▶ Task description
From the entries below, retype only the lines from the one with "Vendo Casa no" through the one with "Versatile Women's Design", exactly as written.

▶ Web page caption snippets

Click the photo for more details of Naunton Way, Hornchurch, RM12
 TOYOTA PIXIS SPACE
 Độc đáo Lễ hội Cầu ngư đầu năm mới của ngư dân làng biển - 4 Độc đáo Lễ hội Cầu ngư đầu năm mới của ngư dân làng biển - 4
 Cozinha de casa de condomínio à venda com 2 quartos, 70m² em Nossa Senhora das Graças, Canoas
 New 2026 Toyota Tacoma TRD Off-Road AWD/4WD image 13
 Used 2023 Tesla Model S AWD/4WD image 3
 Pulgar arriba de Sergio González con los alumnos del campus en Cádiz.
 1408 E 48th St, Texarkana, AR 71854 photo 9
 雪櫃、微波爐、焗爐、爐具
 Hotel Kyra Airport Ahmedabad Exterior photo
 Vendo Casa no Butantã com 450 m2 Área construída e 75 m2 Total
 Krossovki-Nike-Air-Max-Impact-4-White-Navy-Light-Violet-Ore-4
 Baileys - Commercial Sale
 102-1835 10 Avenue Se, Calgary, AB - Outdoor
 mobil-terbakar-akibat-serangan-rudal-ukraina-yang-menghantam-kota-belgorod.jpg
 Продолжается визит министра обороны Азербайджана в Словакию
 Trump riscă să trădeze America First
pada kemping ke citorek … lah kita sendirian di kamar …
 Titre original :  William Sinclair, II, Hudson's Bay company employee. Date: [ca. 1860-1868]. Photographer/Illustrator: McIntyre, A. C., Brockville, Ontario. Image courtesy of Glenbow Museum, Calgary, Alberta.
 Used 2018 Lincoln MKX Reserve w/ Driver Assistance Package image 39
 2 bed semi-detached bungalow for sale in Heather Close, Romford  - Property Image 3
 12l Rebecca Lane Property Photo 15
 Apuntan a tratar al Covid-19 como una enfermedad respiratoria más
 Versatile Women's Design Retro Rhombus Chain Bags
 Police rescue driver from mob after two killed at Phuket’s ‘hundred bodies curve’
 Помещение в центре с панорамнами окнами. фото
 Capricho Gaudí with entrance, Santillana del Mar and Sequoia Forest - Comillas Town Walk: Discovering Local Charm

▶ Answer for the task
 Vendo Casa no Butantã com 450 m2 Área construída e 75 m2 Total
 Krossovki-Nike-Air-Max-Impact-4-White-Navy-Light-Violet-Ore-4
 Baileys - Commercial Sale
 102-1835 10 Avenue Se, Calgary, AB - Outdoor
 mobil-terbakar-akibat-serangan-rudal-ukraina-yang-menghantam-kota-belgorod.jpg
 Продолжается визит министра обороны Азербайджана в Словакию
 Trump riscă să trădeze America First
pada kemping ke citorek … lah kita sendirian di kamar …
 Titre original :  William Sinclair, II, Hudson's Bay company employee. Date: [ca. 1860-1868]. Photographer/Illustrator: McIntyre, A. C., Brockville, Ontario. Image courtesy of Glenbow Museum, Calgary, Alberta.
 Used 2018 Lincoln MKX Reserve w/ Driver Assistance Package image 39
 2 bed semi-detached bungalow for sale in Heather Close, Romford  - Property Image 3
 12l Rebecca Lane Property Photo 15
 Apuntan a tratar al Covid-19 como una enfermedad respiratoria más
 Versatile Women's Design Retro Rhombus Chain Bags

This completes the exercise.